We all know that ULIPs are more transparent than traditional products because in ULIPs we know what are the charges and what amount will be invested. But can we say same thing about traditional plans? As a customer you are clueless about the charges and investment in traditional plans.
How can one be sure that there will be no misselling in case of traditional plans? Well the argument will be that returns are fixed hence there is no chance of misrepresentation on returns, which is half true as fixed return are only half of the total return, other half is bonuses which can not be guaranteed and there is every chance of misrepresenting it.
There has been a lot of hoopla and hype on the commission charges in ULIPs which are in range of 15-50% and in some cases it goes upto 80% but then charges in traditional plans are also in the range of 40-50% with corporate agents now asking for their commissions to be pegged at 80% (as per media reports) and IRDA has declined to intervene as it finds traditional plans to be matured.

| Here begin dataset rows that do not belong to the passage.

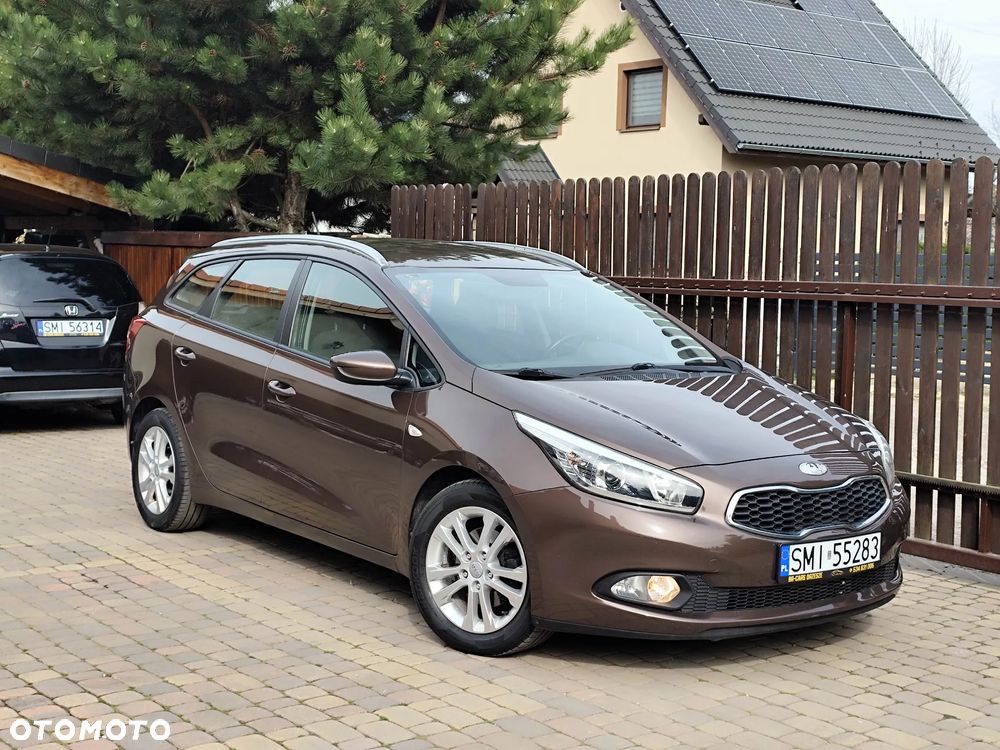 Kia Ceed 1.6 GDI Dream Team Edition - 4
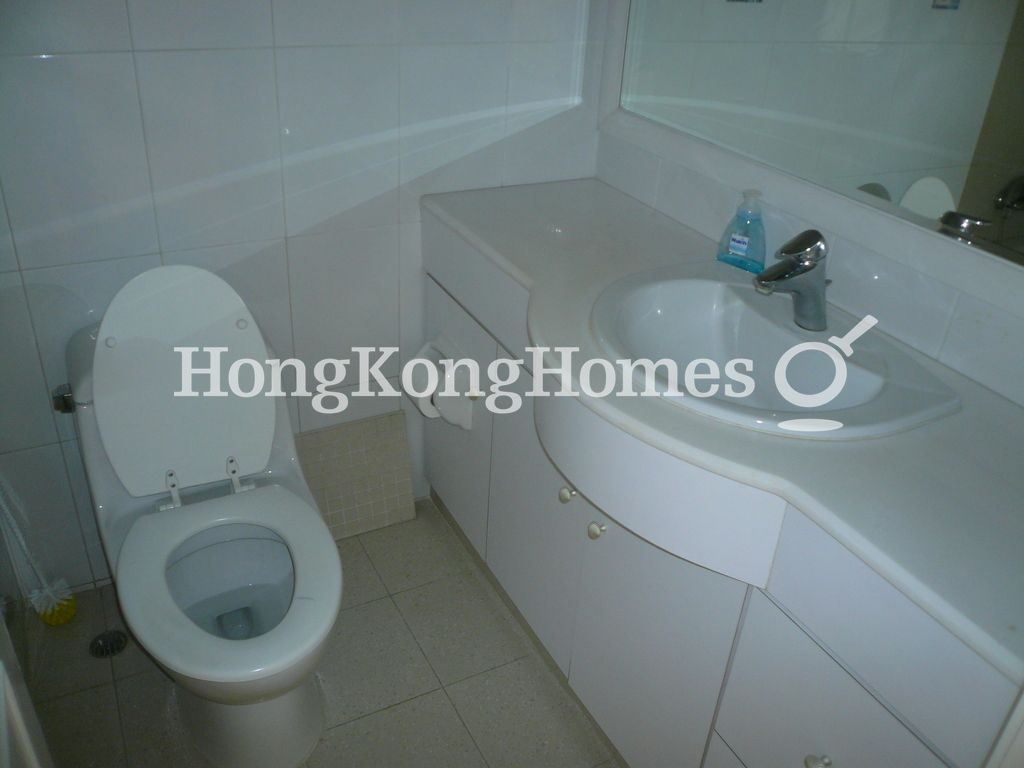 Master Bathroom — 龍華花園 1座，大坑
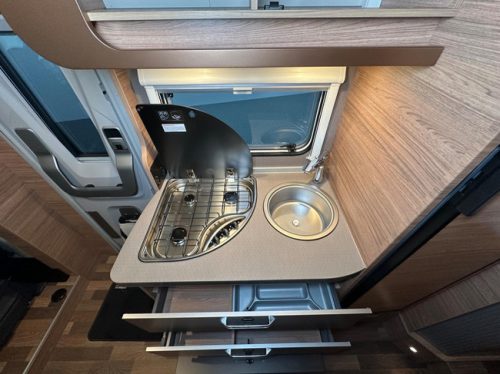 Weinsberg CaraCompact 600 MEG Pepper Edition Foto: 8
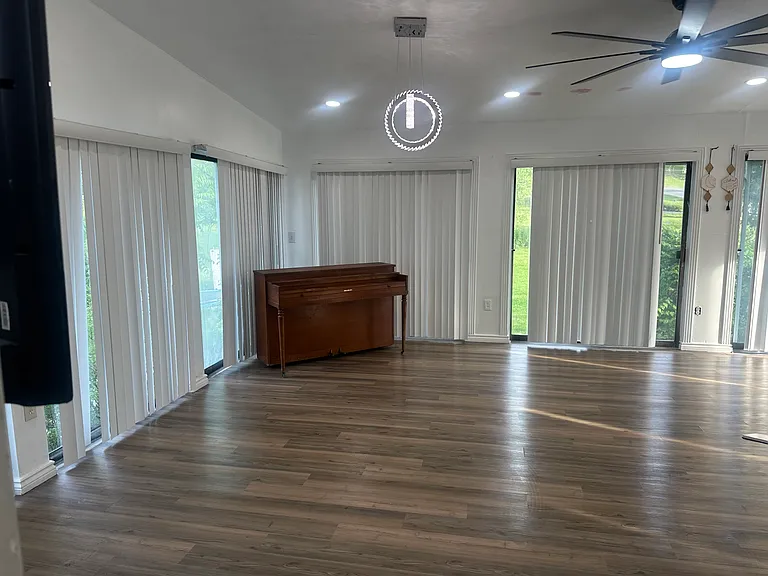 1000 Logan Rd — Photo 1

In case of mutual fund industry the case is even more curious. Where misselling was largly restricted to selling of an existing plan and investing the amount in NFO and commissions were in range of 2-5%. There is no sense in making lakhs of agents redundant.
So then why so much tamasha and nautanki by these regulators? Only reason for these steps is that government wants cheap money to flow in its coffers for its various aam janta centric development programs. If government borrows money from RBI then it squeezes money from the system and push the interest rates higher which are already high and hence impact economy negatively. If government prints the currency to cover the deficit then it would push inflation higher which is already very high. So this is the only means left to raise the funds for government programs. We know traditional plans invest in government bond and securities so this money will directly go in government coffers and not in stock market also with no commissions in selling mutual funds the numbers of agent will dwindle drastically hence less FOS to sell Mutual Fund so again less money will flow in stock market and more investment in government schemes like PPF/NSC/KVP etc.
Welcome to the mean and dirty world of politics where on our money, governments wants to win elections by putting our jobs at risk. let’s not forget, a section of media was also hand in glove with government and played an active role in creating negative atmosphere and impression in the minds of investing public.